À Montmagny, la maison Taché

 

Rue Sainte-Marie, à Montmagny, face à la Grosse Île, où, au 19e siècle, sont morts du typhus des milliers d’immigrants irlandais, nous attend sir Étienne-Paschal Taché, fils du premier seigneur de Kamouraska et futur premier ministre du Canada-Uni.

 

C’est dans cette maison de bois, au toit de tôle percé de cheminées « en chicane » et surmontée de deux tours latérales, qu’en janvier 1839 l’armée s’amène pour l’arrêter.

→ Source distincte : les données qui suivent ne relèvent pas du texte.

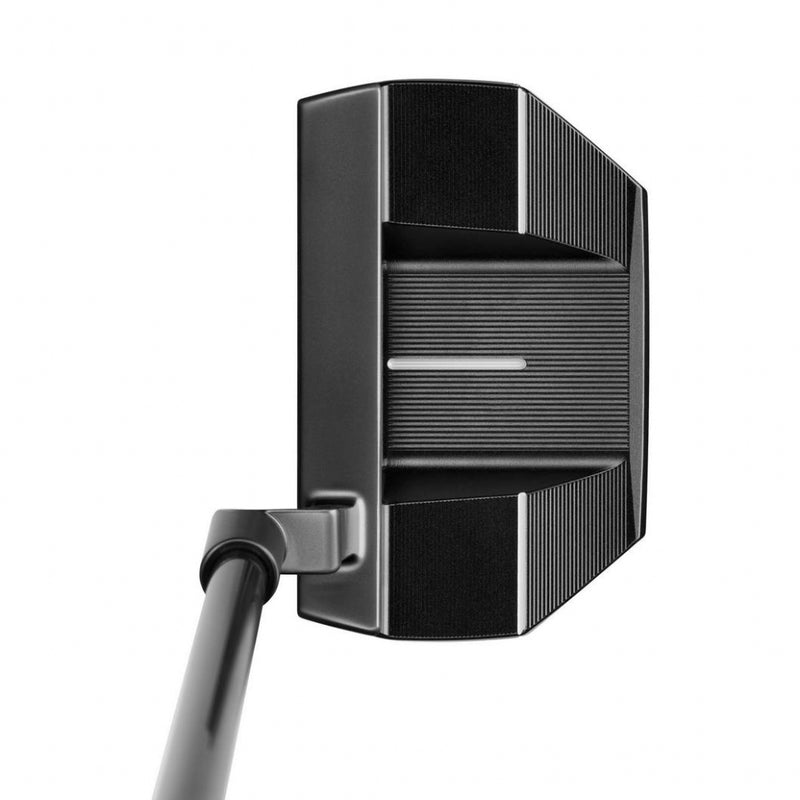 Mizuno M.CRAFT X P4 PUTTER, RIGHT HAND
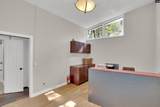 128 Latonea Drive - Photo 21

On lui reproche d’avoir caché dans son manoir un ami patriote compromis avec les partisans de Louis-Joseph Papineau pendant la Rébellion de 1837-1838. À défaut de lui mettre la main au collet, les « habits rouges » fouillent sa maison de la cave au grenier. Ils n’y trouvent aucune arme. Ni son fusil de chasse ni ses précieux pistolets. Pas même le sabre qu’il a porté en 1812, pendant la bataille de la Châteauguay, où il a servi sous les ordres de Salaberry.

 

L’incident n’aura pas de suites pour le Dr Étienne-Paschal Taché, qui, après avoir été l’âme du mouvement révolutionnaire de sa région, vire capot. Élu député au Parlement du Bas-Canada, il devient monarchiste, tirant un trait sur ses aspirations républicaines. Il va jusqu’à réclamer pour le Canada une armée capable de défendre l’Angleterre contre les invasions américaines. « Si jamais ce pays cesse un jour d’être britannique, le dernier coup de canon tiré pour le maintien de la puissance anglaise en Amérique le sera par un bras canadien », lance-t-il.

 

Pendant 45 ans, ce manoir, qui date de 1759, sera son refuge. Les plafonds à caissons, les murs en faux marbre ornés de boiseries imitant les veines du chêne et les planchers peints de couleur sang de bœuf lui confèrent un cachet particulier. Le stéréoscope, le piano-table et le jeu de backgammon restituent l’atmosphère des soirées familiales animées par sa femme, Sophie Baucher, dit Morency, fille d’un capitaine au long cours et 15 fois mère. « Quinze enfants !» se serait exclamé le pape Pie IX en bénissant le premier ministre. « C’est mieux que Jacob, qui n’en a eu que douze !»

 

Avant la mort de Taché, la reine Victoria l’honorera du titre de « sir ». Comme quoi l’ex-rebelle a su faire oublier son passé trouble. Vingt ans plus tard, dans cette même maison, son fils, l’architecte Eugène-Étienne Taché, dressera les plans du parlement de Québec et imposera la devise Je me souviens.

 

À Rivière-du-Loup, le manoir Fraser

Faut-il en croire la légende bien enracinée à Rivière-du-Loup ? Ce serait l’Écossais Malcolm Fraser, le premier du nom en Amérique, qui, grâce à sa maîtrise du français, aurait trompé la vigilance des troupes de Montcalm sur les plaines d’Abraham, et ainsi causé indirectement la chute de Québec, en 1759. Pour le récompenser, le gouverneur Murray lui a octroyé une seigneurie. Comme nombre d’officiers britanniques restés au pays après la Conquête, il a épousé une Canadienne française, Marie Allaire, de Beaumont.